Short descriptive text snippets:
◆ ◆ ◆ ◆

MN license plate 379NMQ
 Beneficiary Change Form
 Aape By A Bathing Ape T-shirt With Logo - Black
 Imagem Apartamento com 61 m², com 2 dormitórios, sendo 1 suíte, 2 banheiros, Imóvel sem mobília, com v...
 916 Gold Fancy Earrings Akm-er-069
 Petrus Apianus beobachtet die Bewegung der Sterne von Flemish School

◆ ◆ ◆ ◆

Prompt:
All lines from the one containing "Imagem Apartamento com" through the last line of the data must be set down exactly. No other lines belong in the answer.

Task solution:
 Imagem Apartamento com 61 m², com 2 dormitórios, sendo 1 suíte, 2 banheiros, Imóvel sem mobília, com v...
 916 Gold Fancy Earrings Akm-er-069
 Petrus Apianus beobachtet die Bewegung der Sterne von Flemish School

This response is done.